Interestingly, patients with previous CV events exhibited a stronger depletion (p=0.012), mainly in those ANA (+), where a mature EPC increase is also observed (p=0.021). In addition, past CV events were associated with higher IFNα levels (p=0.007).
Finally, in vitro assays confirmed the effect of IFNα on Tang population (p<0.001, n=7).
Conclusions Tang and EPC depletion could have a role in determining the increased CV risk in RA patients. Disease-specific parameters rather than traditional CV risk factors are associated with Tang in RA. Additionally, autoantibody profiles and IFNα levels could be an interesting tool to account for specific-patient CV risk.

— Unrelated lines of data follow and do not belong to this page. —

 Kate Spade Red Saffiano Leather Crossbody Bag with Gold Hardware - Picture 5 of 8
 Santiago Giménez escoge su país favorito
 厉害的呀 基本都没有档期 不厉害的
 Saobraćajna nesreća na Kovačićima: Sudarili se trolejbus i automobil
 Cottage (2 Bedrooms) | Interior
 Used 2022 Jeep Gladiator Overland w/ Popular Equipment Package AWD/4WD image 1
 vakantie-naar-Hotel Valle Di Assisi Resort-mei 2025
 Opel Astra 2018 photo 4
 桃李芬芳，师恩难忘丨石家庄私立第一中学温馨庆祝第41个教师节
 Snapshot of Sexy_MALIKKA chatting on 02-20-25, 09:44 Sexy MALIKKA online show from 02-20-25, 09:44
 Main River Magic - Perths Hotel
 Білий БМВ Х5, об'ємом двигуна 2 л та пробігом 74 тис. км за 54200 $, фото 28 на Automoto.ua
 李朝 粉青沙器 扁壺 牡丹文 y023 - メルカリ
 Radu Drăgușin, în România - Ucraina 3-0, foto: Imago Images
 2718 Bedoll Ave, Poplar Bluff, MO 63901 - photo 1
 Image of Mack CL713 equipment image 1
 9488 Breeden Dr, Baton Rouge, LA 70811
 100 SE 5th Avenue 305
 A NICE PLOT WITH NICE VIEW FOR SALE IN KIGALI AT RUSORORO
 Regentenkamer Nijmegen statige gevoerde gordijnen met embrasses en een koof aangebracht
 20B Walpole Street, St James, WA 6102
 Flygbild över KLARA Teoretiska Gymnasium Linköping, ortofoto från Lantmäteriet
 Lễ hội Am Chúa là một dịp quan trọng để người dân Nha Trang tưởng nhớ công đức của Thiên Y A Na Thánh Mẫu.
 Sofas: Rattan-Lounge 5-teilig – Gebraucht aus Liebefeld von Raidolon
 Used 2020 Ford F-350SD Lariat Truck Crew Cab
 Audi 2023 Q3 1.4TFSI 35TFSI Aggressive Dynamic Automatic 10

Avina-Zubieta JA, Thomas J, Sadatsafavi M, Lehman AJ, Lacaille D (2012); Risk of incident cardiovascular events in patients with rheumatoid arthritis: a meta-analysis of observational studies; Ann Rheum Dis 71(9):1524-9.
Wolfe F, Mitchell DM, Sibley JT, Fries JF, Bloch DA, Williams CA et al. (1994); The mortality of rheumatoid arthritis. Arthritis Rheum 37(4):481-94.
Hur J, Yang HM, Yoon CH, Lee CS, Park KW, Kim JH, et al. (2007); Identification of a novel role of T cells in postnatal vasculogenesis: characterization of endothelial progenitor cell colonies. Circulation 116(15):1671-82.